Encouraging everyone to reject this proposal, Ive already stated my reasons. Also, the temp check and snapshot did NOT pass with strong approval as far as I know, yr only votes were from Harvard (10 million) and few other large delegates. I believe you are no where near the required votes. If im wrong please someone let me know.


Actually, I’m back!


Because I want to highlight how the changes proposed by HLSBFI address none of the accountability or governance issues raised in the other group and still fail to explain why this group is needed (versus a normal budgeting process used by a normal bank or crypto business).

Let’s walk thru this one step at a time:

  • The name will focus on education rather than defense–the DeFi Education Fund.

There are two key points to see here:

  1. This does nothing to change the fact that 1m Uni will immediately be drained from the treasury

  2. This does not change that the organization has no concrete goals or objectives and that the board has an unfettered ability to use the money to do anything they like.

In fact, changing the purpose just shows how the proposers and board will change the mission to suit their goals - or justify their existence.

In case anyone has forgotten, Matt Corva said that public bank disclosures indicate regulatory spends of about $3m/year. Coin Center’s old budget was about $1m/year.

So a 1m Uni budget seems far too high. Solution? Expand the mission.

  • The scope is broadened to include the funding of organizations and work promoting best regulatory practices among those in the DeFi ecosystem.

This one is even more startling.

Put simply, what does funding organizations and work promoting best regulatory practices" have to do with advancing the goals of Uniswap?

Read very plainly, it sounds like the new goal is to fund the very organizations that the board members/multisig holders are already part of outside of Uniswap and to hire them or their law firms.

For all we know, the board could use this new goal to fund the creation of a “report” which responds to the recent WEF report (that several of the board members helped to draft or review) which:

  • Is written by organizations the board members are part of for a hefty fee
  • Promotes the board members personal profiles and connections (including through the payment of fees from this new organization)
  • Restricts Uniswap’s ability to operate
  • Leads to Marvin asking for more internal budget and headcount to address concerns raised in the report
  • Leads Uniswap to again hire board members and their firms or lobbying organizations to conduct more work

But what do I know? I am just a simple country lawyer.

  • Beyond the considerable disclosure required for a 501(c)(4), the entity will publicly post monthly community updates on progress, grant allocation, tactics, etc… These updates will not only ensure trust but will also keep the community informed on when and how they can lend their voice to the policy process. When there are surprises, as there so often have been in the policy space, we will report why and how funds will be reallocated to address them.

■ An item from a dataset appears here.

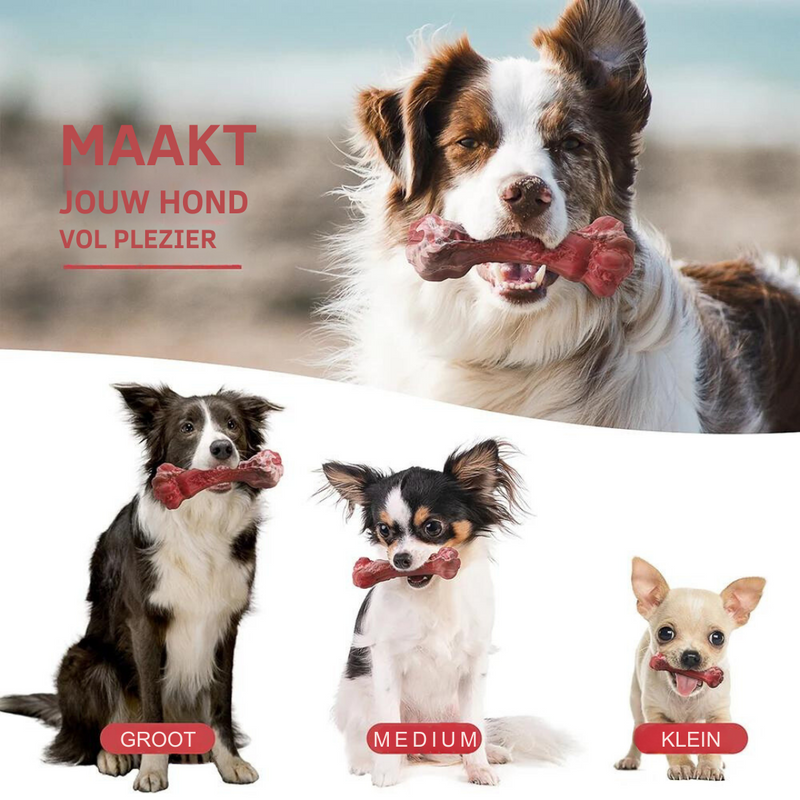 The Playful Dental Care for Dogs - BuddyChew-S-State of Style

This gives Uniswap’s token holders, board and management no control rights. So, once the proposal is passed, the Uni are gone.

  • The 501(c)(4) will promptly hire at least one full-time staffer to manage the day-to-day operations of the organization with oversight from the board of directors and who will serve as the primary point of contact for the governance community.

This person will be paid by the new organization and report to its board. Why would we expect him or her to be anything but their mouthpiece?

  • The 501(c)(4) will issue a detailed budget within 90 days of the proposal passing. Budgets, projections, and 5-year plans often must be revised and amended.

This sounds nice, but once the Uni area gone, the Uni are gone.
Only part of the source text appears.